Azkaban loomed in the distance.

They met a guard, a shriveled old stick of a man, outside the imposing, stained doors. He said nothing and didn't need to ask where they were headed; her position and undertaking were well-known in general wizarding society—The Daily Prophet had made sure of it.

This time she didn't look inside the cells until they had reached their destination. Harry, she saw from the corner of her eye, could not stop staring. If the prisoners had been able to see through their confinements as he could, Hermione thought, many of them would have sat up and stared back. Would they curse or exalt him? She couldn't say.

They rounded the corner and Hermione heard Harry hiss through his teeth. The prisoner sat against the wall of his cell, clad in nothing but the standard rented and grubby uniform of Azkaban and paler than any human being she had ever seen.

It was the first time Harry had seen this particular convict since the night his hero had fallen into the oblivion.

Hermione spoke first, because she felt that Harry would not be able to. "Professor?"

Severus Snape's head jerked towards the sound of the disembodied voice but he said nothing, waiting, she felt, to perceive whether the sound was real or merely a product of his imprisoned mind.

"It's Hermione Granger and Harry Potter. We've…ah…we've come to give you some news."

Now she had attained his attention. He shifted slightly and narrowed his eyes over his hooked nose. "Harry Potter, you say? What could he possibly want with me, Miss Granger?"

Harry, after several moments of surprised contemplation, coldly voiced a reply. "I want to see if what Hermione said of her visit last year is true. I want to see,"—here his voice turned bitter—"if you really killed Albus Dumbledore because you wanted to and your Dark Lord wanted you to… or for some other reason all together."

Hermione whirled fast on her friend, whispering hurriedly to his face. "Shut up, Harry. You're going to agitate him."

Harry stayed quiet but didn't seem at all happy about it.

Hermione turned back towards her former professor, fixing an impassive look on her face instinctively although she knew that he could not see her. Snape was staring blankly at her, even through the solid wall that he saw but she didn't. It unnerved her considerably. He had remained silent throughout Harry's outburst and didn't seem disposed to defend himself.
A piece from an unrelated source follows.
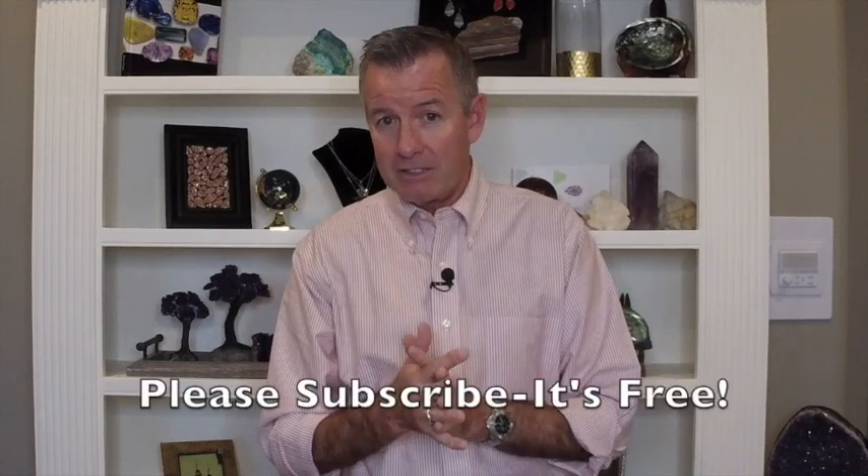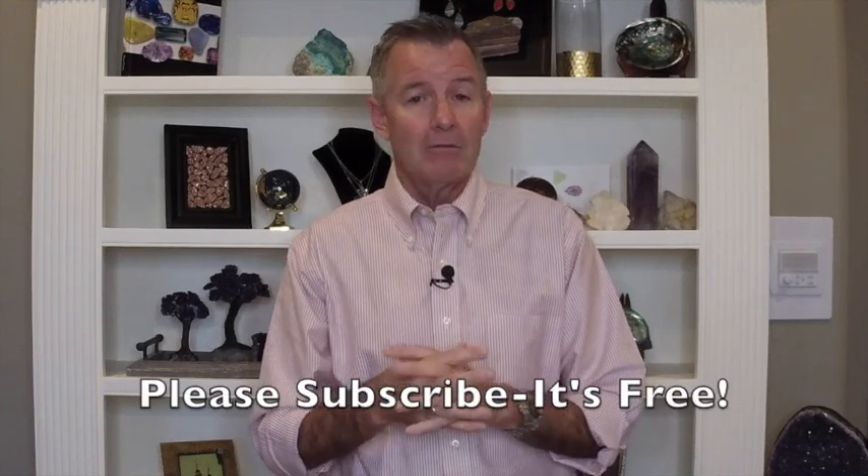On that happy note, we'll conclude this lesson. Next week we continue the garnet mini series, covering the special yellow and orange variety of garnet. Please subscribe if you haven't — it's absolutely free, it doesn't cost you one red penny. I'll see you all next week!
Hermione took a deep breath and began with a distinctly businesslike tone. "First of all, I want to inform you of some of the events that have taken place in the last year. Three months after my visit, approximately nine months ago today, the Ministry discovered three previously unknown witnesses to the alleged crimes of the Miles Bletchley, Amycus Carrow, and Georgiana Diggory. As you know all of these prisoners, in a situation strikingly similar to your own, were sent to Azkaban without trial due to the apparent heinousness of their crimes. As it turned out, these three witnesses, who had each been quite close to one of three prisoners, could provide alibis form most of the crimes the Ministry had convicted them for. Under the circumstances of their lengthy imprisonment previous to this discovery, these three were set free. I believe that Georgiana Diggory, in particular, has returned entirely to her life previous to her brief dabbling in the Dark Arts, and lives with her five year old daughter and ailing husband in a quiet corner of Suffolk."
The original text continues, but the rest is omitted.